REQUIRED ACTION:
These entries are to be set down again exactly.

(Crawled caption data)
_____
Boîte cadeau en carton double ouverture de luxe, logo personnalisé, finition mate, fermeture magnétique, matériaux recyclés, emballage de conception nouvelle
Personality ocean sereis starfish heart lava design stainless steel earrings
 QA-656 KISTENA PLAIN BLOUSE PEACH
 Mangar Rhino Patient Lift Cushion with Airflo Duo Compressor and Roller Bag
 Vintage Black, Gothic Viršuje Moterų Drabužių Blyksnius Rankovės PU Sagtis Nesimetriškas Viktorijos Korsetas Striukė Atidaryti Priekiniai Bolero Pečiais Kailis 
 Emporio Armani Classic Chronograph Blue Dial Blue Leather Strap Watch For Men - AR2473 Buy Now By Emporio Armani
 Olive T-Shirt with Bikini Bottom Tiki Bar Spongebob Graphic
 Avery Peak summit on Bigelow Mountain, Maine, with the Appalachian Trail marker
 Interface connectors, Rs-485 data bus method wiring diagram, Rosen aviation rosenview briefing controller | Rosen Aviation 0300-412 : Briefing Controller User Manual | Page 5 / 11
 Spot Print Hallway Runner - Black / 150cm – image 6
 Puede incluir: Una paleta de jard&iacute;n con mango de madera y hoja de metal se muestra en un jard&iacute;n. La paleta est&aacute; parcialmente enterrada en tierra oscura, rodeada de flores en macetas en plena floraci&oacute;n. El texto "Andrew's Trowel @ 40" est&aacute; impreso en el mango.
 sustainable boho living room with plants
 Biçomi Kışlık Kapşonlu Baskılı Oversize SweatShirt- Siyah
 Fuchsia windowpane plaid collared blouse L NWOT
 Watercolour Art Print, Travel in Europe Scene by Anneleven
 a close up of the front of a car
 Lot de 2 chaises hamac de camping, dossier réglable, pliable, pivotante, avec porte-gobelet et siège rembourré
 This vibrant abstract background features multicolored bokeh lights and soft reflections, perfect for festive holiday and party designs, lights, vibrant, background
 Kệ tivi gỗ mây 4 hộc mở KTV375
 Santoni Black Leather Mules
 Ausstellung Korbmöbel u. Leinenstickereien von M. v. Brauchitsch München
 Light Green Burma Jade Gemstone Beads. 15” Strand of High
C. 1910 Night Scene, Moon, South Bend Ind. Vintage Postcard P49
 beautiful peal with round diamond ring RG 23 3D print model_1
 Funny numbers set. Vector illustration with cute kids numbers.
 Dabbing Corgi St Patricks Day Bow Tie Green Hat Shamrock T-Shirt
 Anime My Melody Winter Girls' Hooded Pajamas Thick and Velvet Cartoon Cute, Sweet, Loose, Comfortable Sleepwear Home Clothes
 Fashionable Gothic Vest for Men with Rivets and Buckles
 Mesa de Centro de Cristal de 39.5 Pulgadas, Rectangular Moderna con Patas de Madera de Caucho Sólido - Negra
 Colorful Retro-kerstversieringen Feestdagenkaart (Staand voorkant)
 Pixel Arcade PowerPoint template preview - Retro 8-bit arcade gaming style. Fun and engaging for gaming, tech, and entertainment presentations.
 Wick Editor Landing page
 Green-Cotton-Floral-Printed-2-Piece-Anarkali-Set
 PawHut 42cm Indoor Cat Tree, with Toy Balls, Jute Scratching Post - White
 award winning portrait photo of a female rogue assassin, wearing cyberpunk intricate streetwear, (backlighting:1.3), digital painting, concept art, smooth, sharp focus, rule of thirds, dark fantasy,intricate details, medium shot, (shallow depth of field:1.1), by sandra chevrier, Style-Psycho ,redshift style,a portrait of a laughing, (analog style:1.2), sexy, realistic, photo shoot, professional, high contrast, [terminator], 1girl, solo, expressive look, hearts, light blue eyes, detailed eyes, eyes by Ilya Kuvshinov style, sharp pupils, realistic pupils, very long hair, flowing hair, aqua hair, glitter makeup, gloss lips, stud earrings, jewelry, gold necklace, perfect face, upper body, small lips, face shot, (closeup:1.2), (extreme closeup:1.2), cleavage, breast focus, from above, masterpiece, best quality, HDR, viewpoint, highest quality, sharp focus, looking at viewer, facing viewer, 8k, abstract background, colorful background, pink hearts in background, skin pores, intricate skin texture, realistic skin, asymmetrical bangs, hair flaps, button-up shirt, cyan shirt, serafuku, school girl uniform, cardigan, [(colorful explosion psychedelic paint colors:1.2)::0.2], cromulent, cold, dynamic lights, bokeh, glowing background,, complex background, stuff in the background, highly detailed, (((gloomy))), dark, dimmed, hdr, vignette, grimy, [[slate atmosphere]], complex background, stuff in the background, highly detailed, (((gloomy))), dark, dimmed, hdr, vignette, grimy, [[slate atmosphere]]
_____
ANSWER TO THIS EXERCISE:
Boîte cadeau en carton double ouverture de luxe, logo personnalisé, finition mate, fermeture magnétique, matériaux recyclés, emballage de conception nouvelle
Personality ocean sereis starfish heart lava design stainless steel earrings
 QA-656 KISTENA PLAIN BLOUSE PEACH
 Mangar Rhino Patient Lift Cushion with Airflo Duo Compressor and Roller Bag
 Vintage Black, Gothic Viršuje Moterų Drabužių Blyksnius Rankovės PU Sagtis Nesimetriškas Viktorijos Korsetas Striukė Atidaryti Priekiniai Bolero Pečiais Kailis 
 Emporio Armani Classic Chronograph Blue Dial Blue Leather Strap Watch For Men - AR2473 Buy Now By Emporio Armani
 Olive T-Shirt with Bikini Bottom Tiki Bar Spongebob Graphic
 Avery Peak summit on Bigelow Mountain, Maine, with the Appalachian Trail marker
 Interface connectors, Rs-485 data bus method wiring diagram, Rosen aviation rosenview briefing controller | Rosen Aviation 0300-412 : Briefing Controller User Manual | Page 5 / 11
 Spot Print Hallway Runner - Black / 150cm – image 6
 Puede incluir: Una paleta de jard&iacute;n con mango de madera y hoja de metal se muestra en un jard&iacute;n. La paleta est&aacute; parcialmente enterrada en tierra oscura, rodeada de flores en macetas en plena floraci&oacute;n. El texto "Andrew's Trowel @ 40" est&aacute; impreso en el mango.
 sustainable boho living room with plants
 Biçomi Kışlık Kapşonlu Baskılı Oversize SweatShirt- Siyah
 Fuchsia windowpane plaid collared blouse L NWOT
 Watercolour Art Print, Travel in Europe Scene by Anneleven
 a close up of the front of a car
 Lot de 2 chaises hamac de camping, dossier réglable, pliable, pivotante, avec porte-gobelet et siège rembourré
 This vibrant abstract background features multicolored bokeh lights and soft reflections, perfect for festive holiday and party designs, lights, vibrant, background
 Kệ tivi gỗ mây 4 hộc mở KTV375
 Santoni Black Leather Mules
 Ausstellung Korbmöbel u. Leinenstickereien von M. v. Brauchitsch München
 Light Green Burma Jade Gemstone Beads. 15” Strand of High
C. 1910 Night Scene, Moon, South Bend Ind. Vintage Postcard P49
 beautiful peal with round diamond ring RG 23 3D print model_1
 Funny numbers set. Vector illustration with cute kids numbers.
 Dabbing Corgi St Patricks Day Bow Tie Green Hat Shamrock T-Shirt
 Anime My Melody Winter Girls' Hooded Pajamas Thick and Velvet Cartoon Cute, Sweet, Loose, Comfortable Sleepwear Home Clothes
 Fashionable Gothic Vest for Men with Rivets and Buckles
 Mesa de Centro de Cristal de 39.5 Pulgadas, Rectangular Moderna con Patas de Madera de Caucho Sólido - Negra
 Colorful Retro-kerstversieringen Feestdagenkaart (Staand voorkant)
 Pixel Arcade PowerPoint template preview - Retro 8-bit arcade gaming style. Fun and engaging for gaming, tech, and entertainment presentations.
 Wick Editor Landing page
 Green-Cotton-Floral-Printed-2-Piece-Anarkali-Set
 PawHut 42cm Indoor Cat Tree, with Toy Balls, Jute Scratching Post - White
 award winning portrait photo of a female rogue assassin, wearing cyberpunk intricate streetwear, (backlighting:1.3), digital painting, concept art, smooth, sharp focus, rule of thirds, dark fantasy,intricate details, medium shot, (shallow depth of field:1.1), by sandra chevrier, Style-Psycho ,redshift style,a portrait of a laughing, (analog style:1.2), sexy, realistic, photo shoot, professional, high contrast, [terminator], 1girl, solo, expressive look, hearts, light blue eyes, detailed eyes, eyes by Ilya Kuvshinov style, sharp pupils, realistic pupils, very long hair, flowing hair, aqua hair, glitter makeup, gloss lips, stud earrings, jewelry, gold necklace, perfect face, upper body, small lips, face shot, (closeup:1.2), (extreme closeup:1.2), cleavage, breast focus, from above, masterpiece, best quality, HDR, viewpoint, highest quality, sharp focus, looking at viewer, facing viewer, 8k, abstract background, colorful background, pink hearts in background, skin pores, intricate skin texture, realistic skin, asymmetrical bangs, hair flaps, button-up shirt, cyan shirt, serafuku, school girl uniform, cardigan, [(colorful explosion psychedelic paint colors:1.2)::0.2], cromulent, cold, dynamic lights, bokeh, glowing background,, complex background, stuff in the background, highly detailed, (((gloomy))), dark, dimmed, hdr, vignette, grimy, [[slate atmosphere]], complex background, stuff in the background, highly detailed, (((gloomy))), dark, dimmed, hdr, vignette, grimy, [[slate atmosphere]]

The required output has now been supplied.